Your task: Output each entry verbatim and exclude every picture from it.

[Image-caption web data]

..........

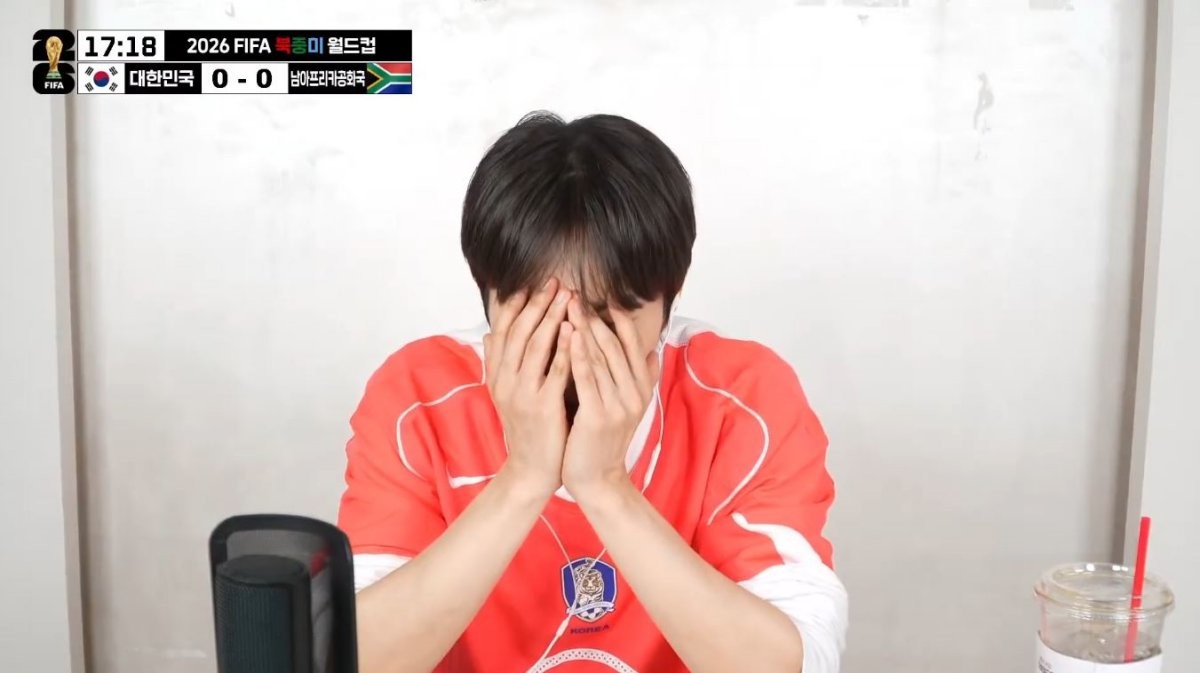 대한민국-남아프리카공화국 월드컵 경기를 보며 라이브 방송을 하고 있는 그룹 하이라이트 멤버 겸 배우 윤두준. / 유튜브 'OFFICIAL HIGHLIGHT'
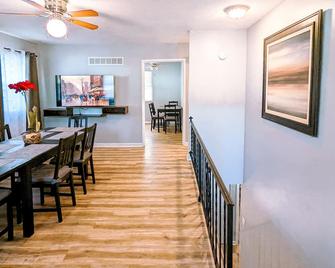 Comfortable and elegant 3BDR duplex, unit # 5 - Overland Park - Dining room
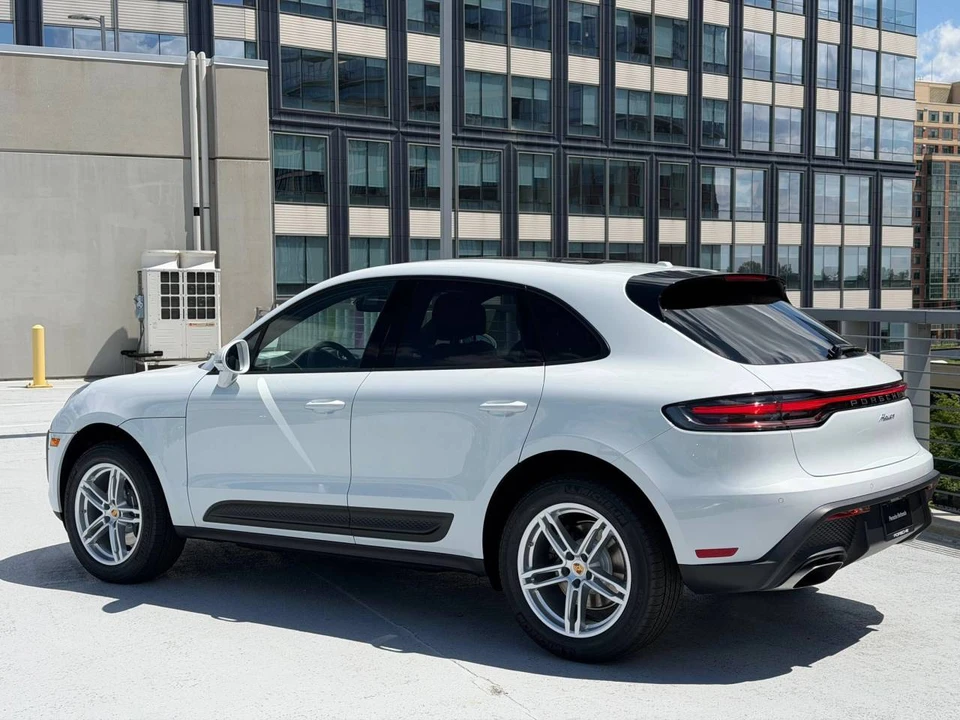 2026 Porsche Macan Electric - Image 3 of 5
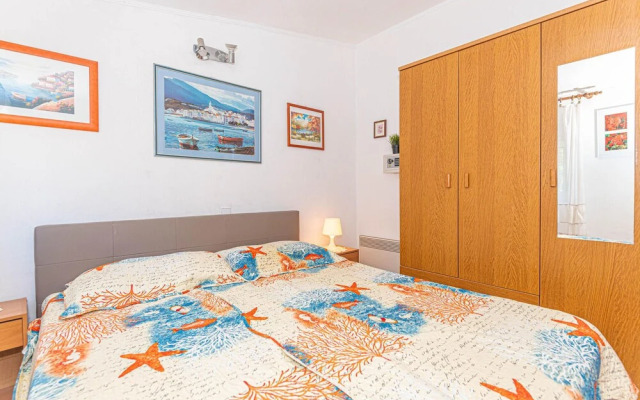 Nice Apartment in Grebastica With Wifi and 2 Bedrooms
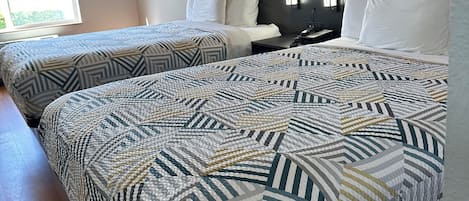 Kostenloses WLAN, Bettwäsche, Wecker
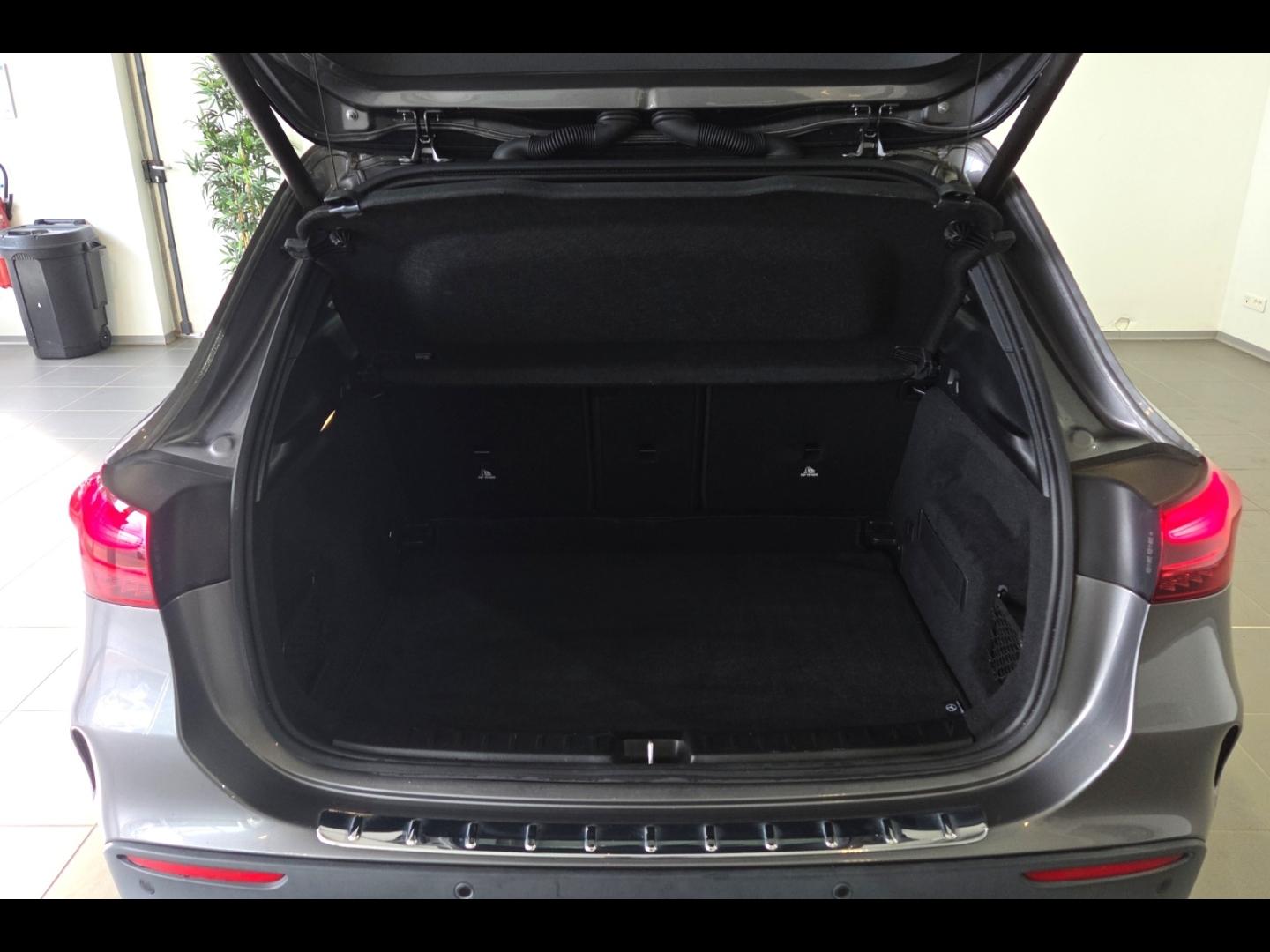 Image MERCEDES-BENZ Classe A Berline 200 d 150ch AMG Line 8G-DCT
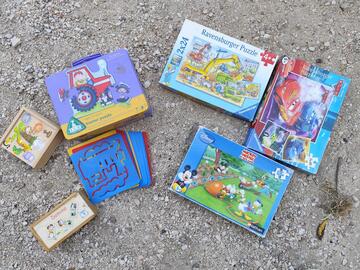 Lot de puzzles enfant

..........

Solution:
 대한민국-남아프리카공화국 월드컵 경기를 보며 라이브 방송을 하고 있는 그룹 하이라이트 멤버 겸 배우 윤두준. / 유튜브 'OFFICIAL HIGHLIGHT'
 Comfortable and elegant 3BDR duplex, unit # 5 - Overland Park - Dining room
 2026 Porsche Macan Electric - Image 3 of 5
 Nice Apartment in Grebastica With Wifi and 2 Bedrooms
 Kostenloses WLAN, Bettwäsche, Wecker
 Image MERCEDES-BENZ Classe A Berline 200 d 150ch AMG Line 8G-DCT
 Lot de puzzles enfant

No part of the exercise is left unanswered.